The Scythians did not have any written culture, and what we know about them is based largely on their grave goods, the Scythians appearing to have quite elaborate burial rituals and the climate of Siberia being conducive to preservation.  The exhibition thus offers a fascinating but skewed portrait of Scythian culture.  There are gold torques and belt buckles, fragments of the kind of clothes the most powerful people were buried in, weapons, drinking cups, horse bridles, and cooking pots.  It is amazing that textiles over two thousand years old have survived at all, and fairly amazing that the horse bridles did.

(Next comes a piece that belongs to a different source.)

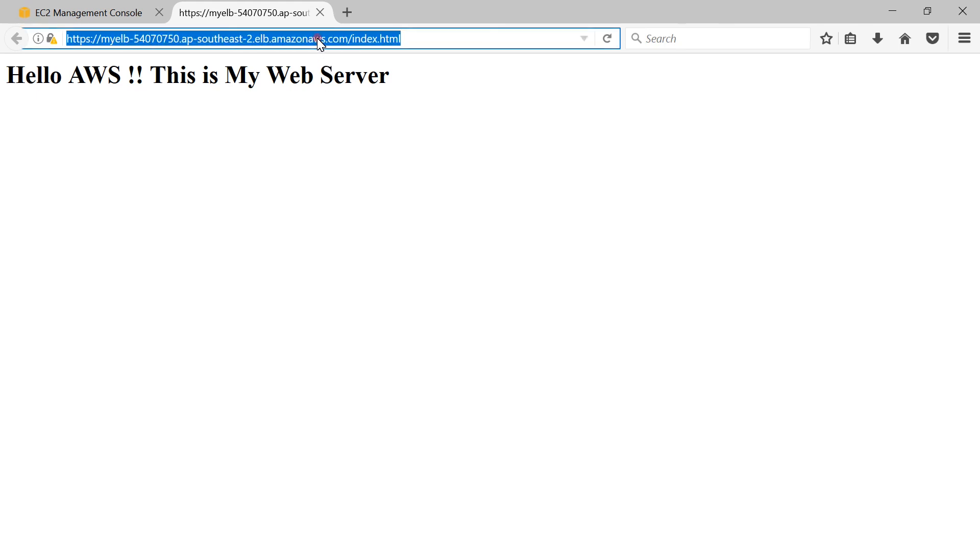Now let's try and access it using HTTP protocol. It will basically timeout because we didn't allow any HTTP traffic on our ELB, so it will wait for the timeout and throw an error.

We learn that the Sythians warred among their separate tribes as well as raiding the settled communities on the periphery of their territories.  They also traded with the settled people for things that a livestock based nomadic lifestyle could not supply, which must have led to some interesting conversations.  Their bows and arrow were of sophisticated design.  Although they did not have a written culture, the Greeks did record some observations of the Scythians, and so we know they burned hemp seeds for pleasure, and did inhale.  Their art was heavily based on natural forms, real and mythical animals, and plants.  To a non-expert eye there seemed to be some similarities with Viking art.  The women wore tall, pointed head dresses and shaved their heads, or was that only after death as part of the funeral ritual?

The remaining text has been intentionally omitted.